Once you find the line with "ROBERTO CAVALLI Women's", transcribe it and all the lines that follow to the end of the data, exactly as written; skip any pictures.

════════════════

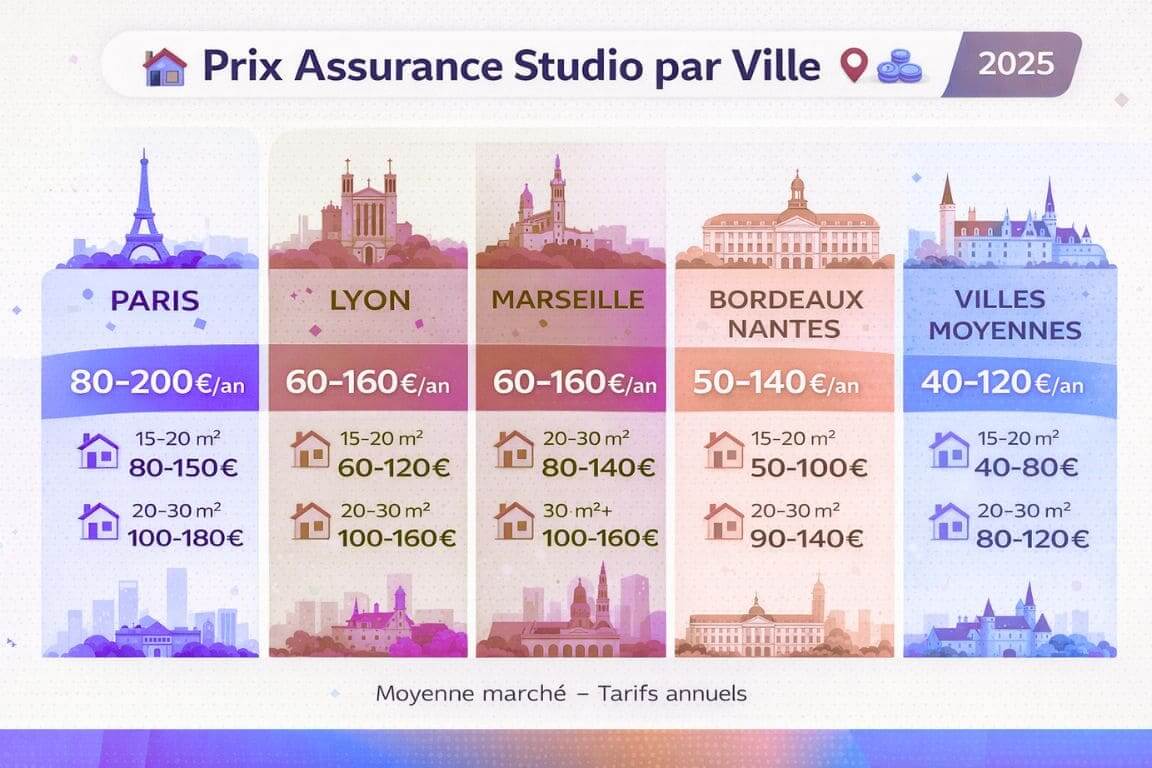 Infographie colorée comparant prix assurance studio dans grandes villes françaises pour jeunes locataires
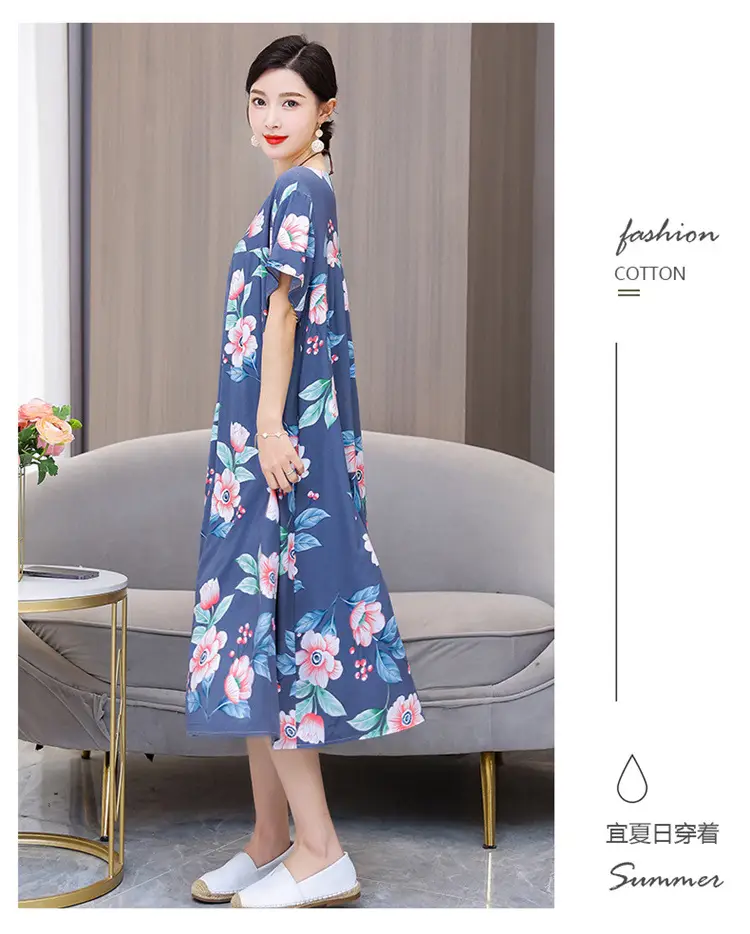 Women Cotton Silk Printed Long Dress Green Large — feature 37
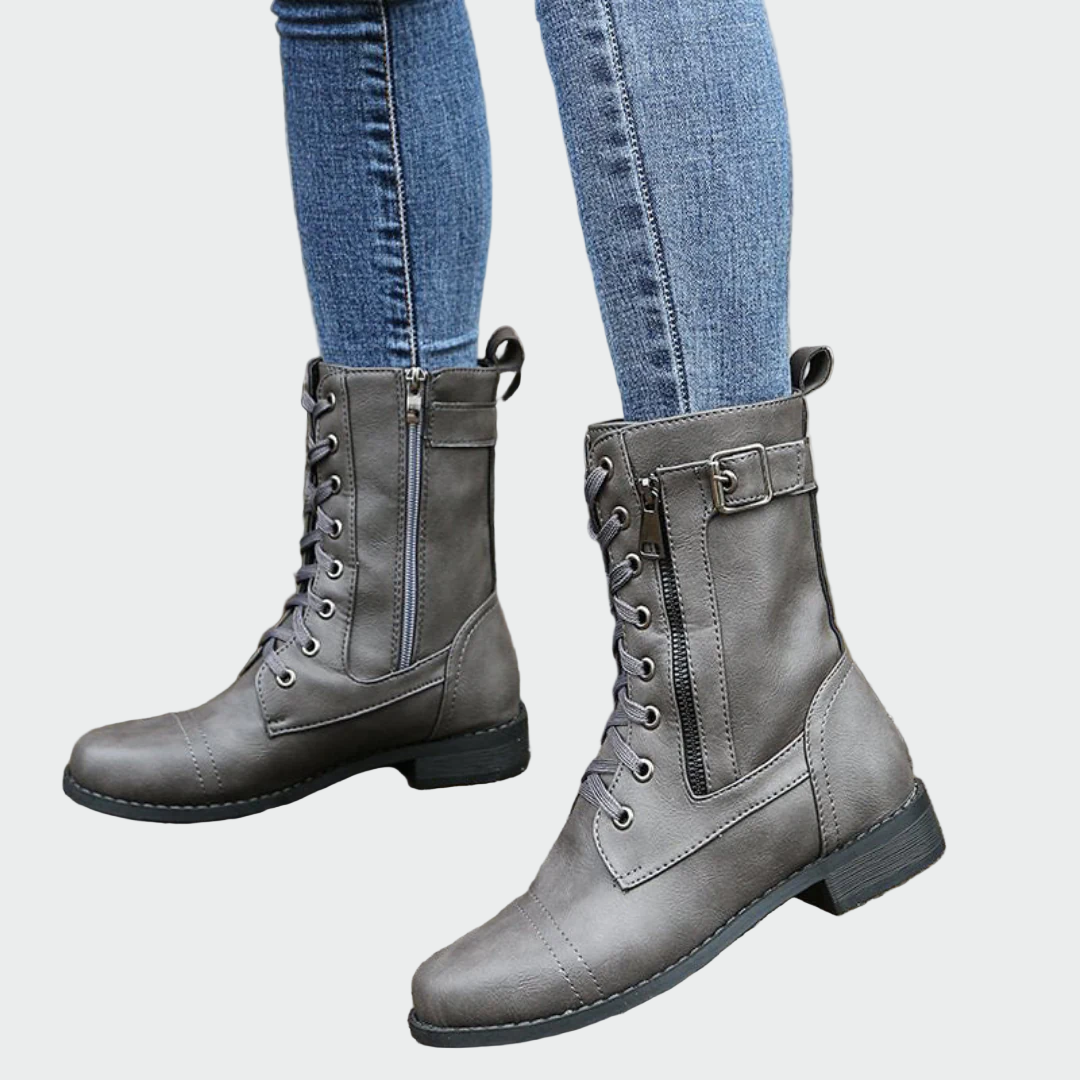Patricia | Bottes orthopédiques en cuir style militaire pour femmes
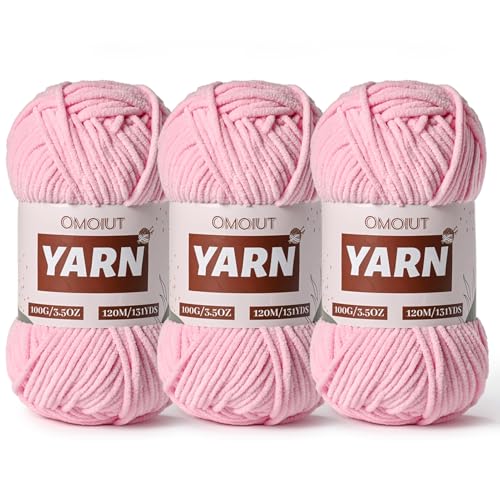Image of 3 Packs Plush Chenille Chunky Crochet Yarn - Baby Yarn for Crocheting Soft - Velvet Yarns Knitting for Blankets Crafts - Fluffy Amigurumi Yarns 300g / 393yd (3 Pink)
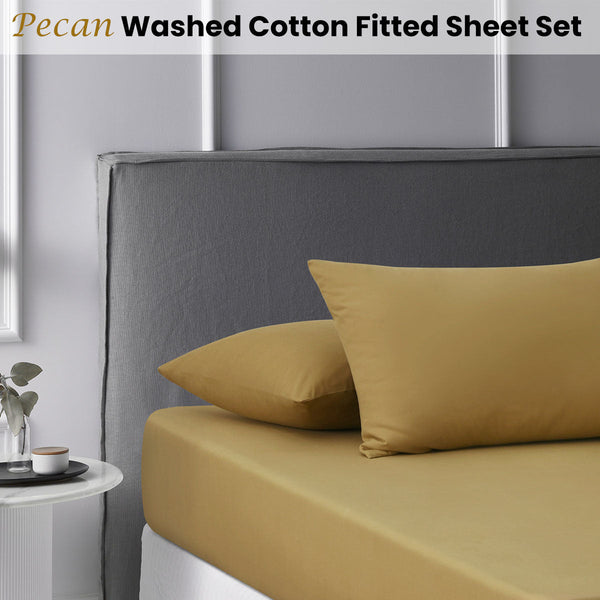 Accessorize Pecan Washed Cotton Fitted Sheet Set Sheets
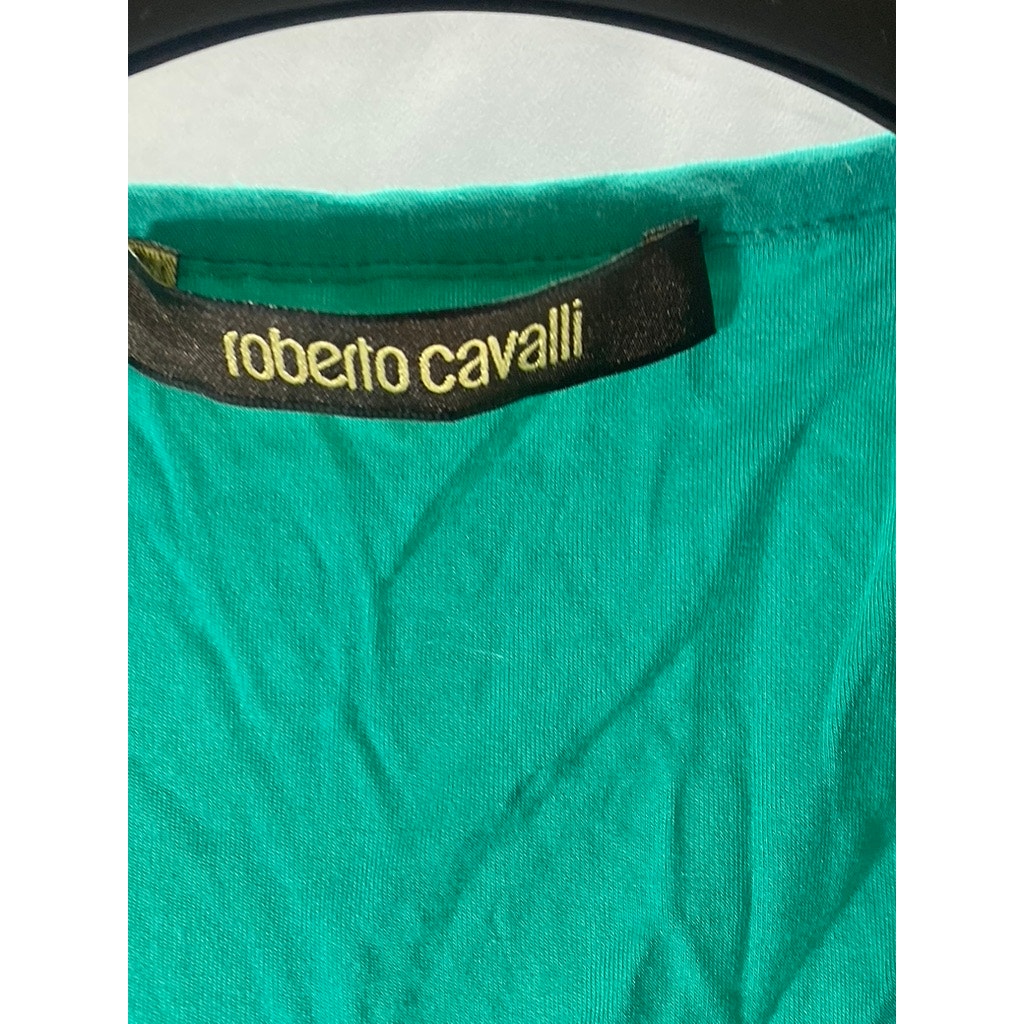 ROBERTO CAVALLI Women's Green Rhinestone Scoop-Neck Short Sleeve Top SZ S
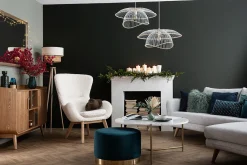 Miliboo Skandinavischer Sessel aus weißem, gelocktem Woll-Effekt-Stoff und Holz ESKUA* Design-sessel|Sessel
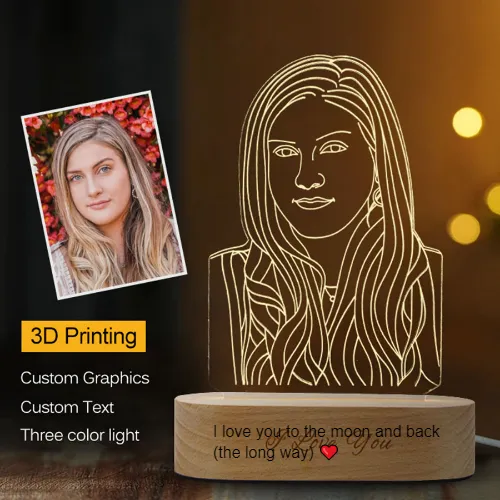 Creative Birthday Gift To Map Custom 3D Head Engraving Stereo Photo Light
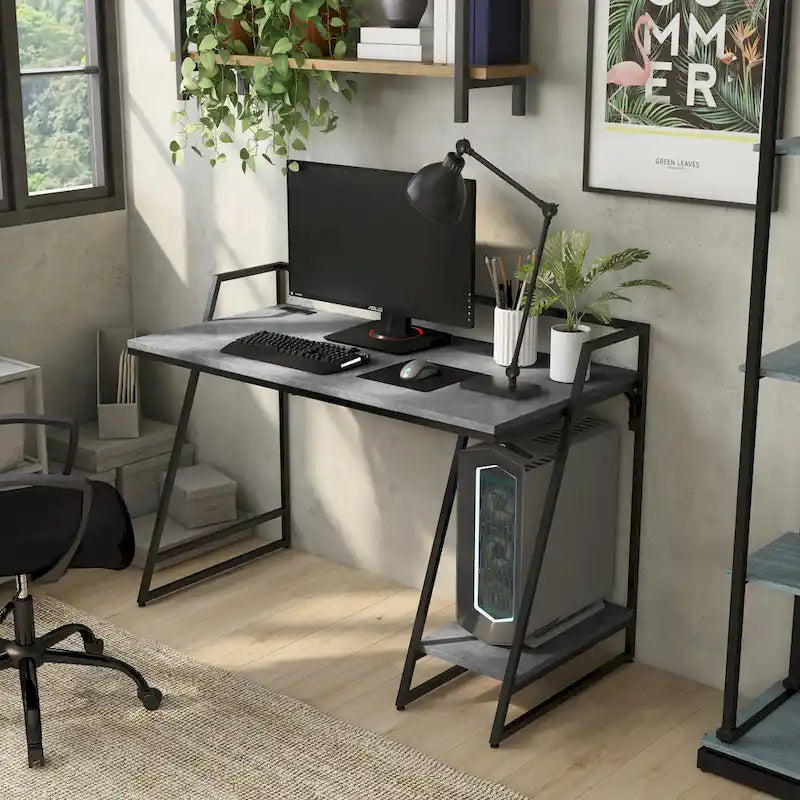 Industrieller 49-Inch-Computertisch aus Stahl mit USB-Anschlüssen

════════════════

**Output of the task**
 ROBERTO CAVALLI Women's Green Rhinestone Scoop-Neck Short Sleeve Top SZ S
 Miliboo Skandinavischer Sessel aus weißem, gelocktem Woll-Effekt-Stoff und Holz ESKUA* Design-sessel|Sessel
 Creative Birthday Gift To Map Custom 3D Head Engraving Stereo Photo Light
 Industrieller 49-Inch-Computertisch aus Stahl mit USB-Anschlüssen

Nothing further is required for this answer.